Mr. Jerry Kennedy, 85, a Louisiana native, recently passed away in Nashville. The legendary and Hall of Fame guitar player saw Elvis play the Louisiana Hayride in 1954 and said he couldn’t focus on Elvis’ guitar player, Scotty Moore, because the girls at the show wouldn’t stop screaming. Kennedy was such a great guitar player that he was signed by RCA Records at 11 years old. I tracked him down seven years ago to ask a few questions and pick his brain about Nashville. He played with Chet Atkins and eventually moved to Nashville in March of 1961. He would play on Elvis’ “Good Luck Charm.”
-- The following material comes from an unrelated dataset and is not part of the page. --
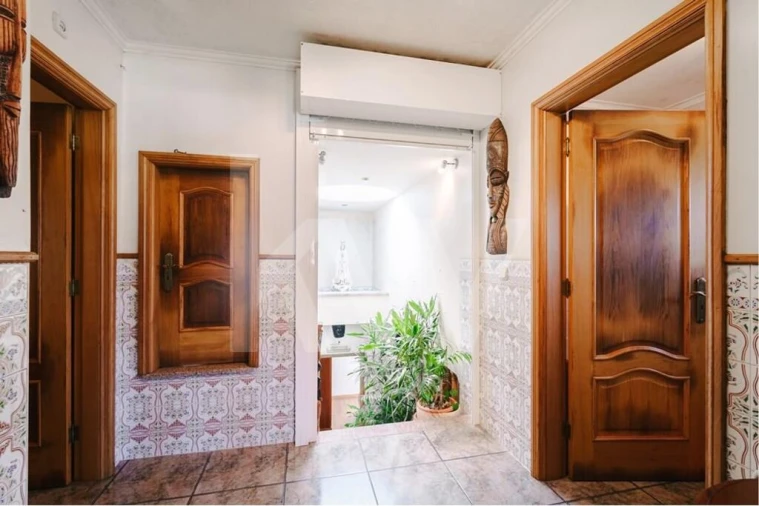 Moradia T6 para Venda em Milheiros de Poiares Foto 21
“That was a great time, even though it was going at 100 miles an hour, it was fun,” Kennedy said. “Every day you ran into people that you loved to be with. It was a magical time.”
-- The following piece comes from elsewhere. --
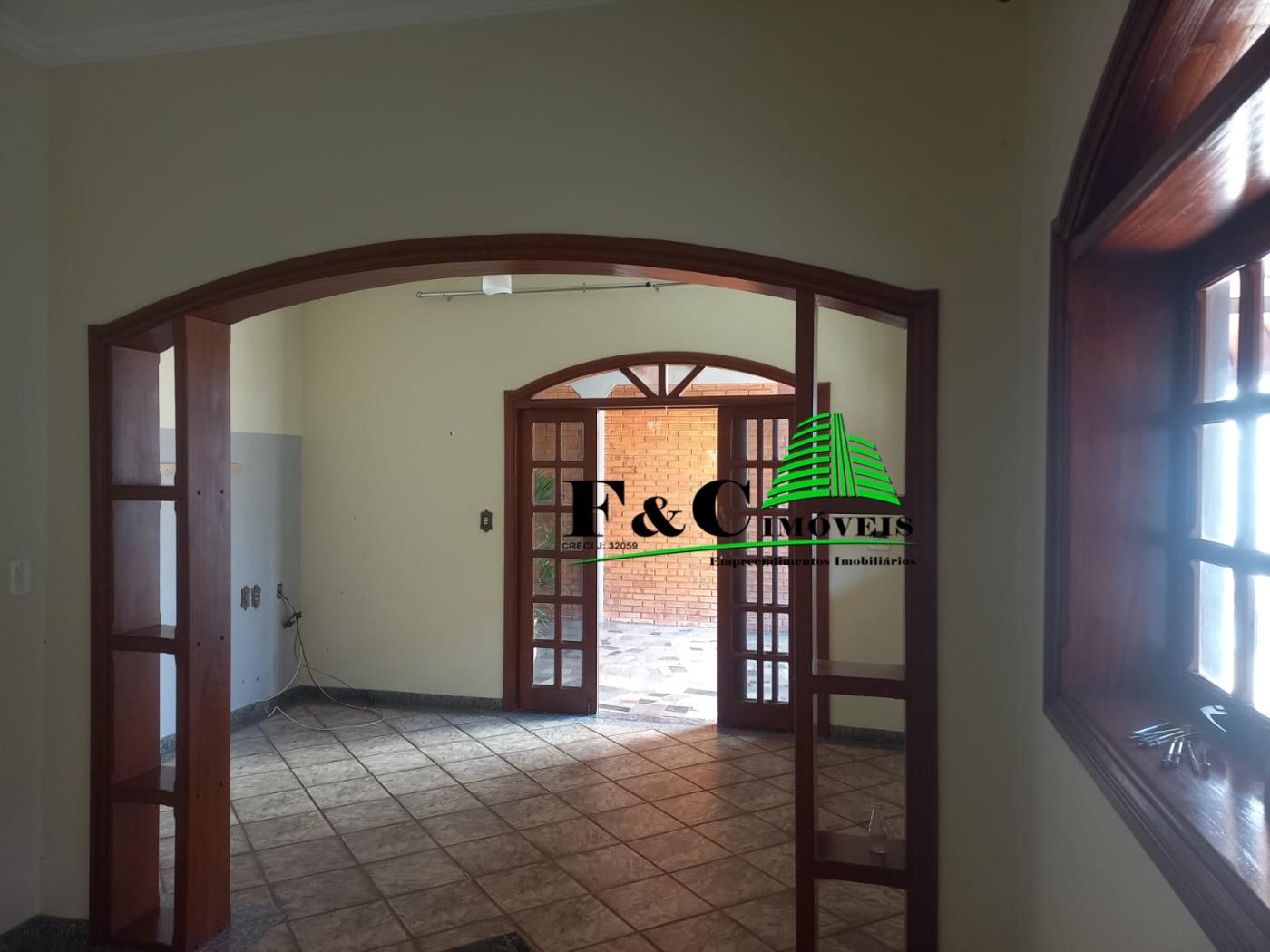 Casa à venda com 3 quartos, 250m² - Foto 16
One neighbor was Jerry Reed; another was Roger Miller. And there were many other talented country stars he knew as well.
“The people we socialized with were all in the music business in some way. You go have lunch and it’s hard to find someone you were breaking bread with that was not connected to the music business and that’s the way it was,” Kennedy said.
He would work with and befriend the Statler Brothers and their alter egos — Lester “Roadhog” Moran and the Cadillac Cowboys.
“We got to be buddies and after they left Columbia, they inquired if we wanted them at Mercury,” he said. “When I hear them as Lester ‘Roadhog’ Moran and the Cadillac Cowboys. That was something, I still cry laughing when listening. It’s like I’m hearing it all over again. It was a unique thing for all of us.”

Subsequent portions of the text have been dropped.